Hugh was greatly disappointed to find his niece so small and frail. His pride in the Brontë superiority had rested mainly on the thews and comeliness of the family, and he found it difficult to associate mental greatness with physical littleness. On his return home he spoke of the vicar’s family to Mr. McKee as “a poor frachther” a term applied to a brood of young chickens. From his brother Jamie, Hugh had heard that Branwell had something of the spunk he had expected from the family on English soil; but he was too small, fantastic, and a chatterer, and could not drink more than two glasses of whiskey at the Black Bull without making a fool of himself. In fact, Jamie, during a visit, had to carry Branwell home, more than once, from that refuge of the thirsty, and as he had to lie in the same bed with his nephew he found him a most exasperating bed-fellow. He would toss about and rave and spout poetry in such a way as to make sleep impossible.
The declaration of Hugh’s mission of revenge was received by Charlotte with incredulous astonishment, but gentle Anne sympathized with him, and wished him success; but for her, Hugh would have returned straight home from Haworth in disgust.
Patrick, as befitted a clergyman, condemned the undertaking, and did what he could to amuse Hughy. Careful that Hugh’s entertainments should be to his taste, he took him to see a prize fight. His object was to show him “a battle that would take the conceit out of him.” It had the contrary effect. Hugh thought that the combatants were too fat and lazy to fight, and he always asserted that he could have “licked them both.”
The vicar also took him to Sir John Armitage’s, where he saw a collection of arms, some of which were exceedingly unwieldy. Hugh was greatly impressed with the heaviness of the armor, and especially with Robin Hood’s helmet, which he was allowed to place on his head. Hugh admitted that he could not have worn the helmet or wielded the sword, but he maintained at the same time that he “could have eaten half a dozen of the men he saw in England”—in fact, taken them like a dish of whitebait.
When Hugh Brontë had exhausted the wonders of Yorkshire, to which the vicar looked for moral effect, he 179 started on his mission to London. A full and complete account of his search for the reviewer would be most interesting, though somewhat ludicrous, but the reader must be content with the scrappy information at my disposal.
Through an introduction from a friend of Branwell’s he found cheap lodgings with a working family from Haworth. As soon as Hugh had got fairly settled, he went direct to John Murray’s publishing house and asked to see the reviewer. He declared himself an uncle of Currer Bell, and said he wished to give the reviewer some specific information.
He had a short interview at Murray’s with a man who said he was the editor of “The Quarterly,” and who may have been Lockhart, but Hugh told him that he could only communicate to the reviewer his secret message.

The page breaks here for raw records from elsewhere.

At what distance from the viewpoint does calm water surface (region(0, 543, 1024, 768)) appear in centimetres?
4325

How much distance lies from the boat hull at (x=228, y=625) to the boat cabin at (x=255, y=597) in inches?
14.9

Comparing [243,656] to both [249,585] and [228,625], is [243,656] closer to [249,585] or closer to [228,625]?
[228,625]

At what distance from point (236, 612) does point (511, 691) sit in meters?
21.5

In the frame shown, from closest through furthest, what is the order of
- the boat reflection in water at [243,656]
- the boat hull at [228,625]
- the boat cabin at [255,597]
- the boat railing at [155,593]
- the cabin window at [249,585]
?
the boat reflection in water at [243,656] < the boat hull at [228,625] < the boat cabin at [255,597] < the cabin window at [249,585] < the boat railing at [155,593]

He continued to visit Murray’s under a promise of seeing the reviewer, but he always saw the same man who at first had said that he was editor, but afterwards assured him he was the reviewer, and pressed him greatly to say who Currer Bell was.
Hugh declined to make any statement except into the ear of the reviewer; but as the truculent character of the avenger was probably very apparent, his direct and bold move did not succeed, and at last they ceased to admit him at Murray’s.
Having failed there, he went to the publishers of “Jane Eyre,” and told them plainly he was the author’s uncle, and that he had come to London to chastise the “Quarterly Review” critic. They treated him civilly without furthering his quest, but he got from them, I believe, an introduction to the reading-room of the British Museum, and to some other reading-rooms.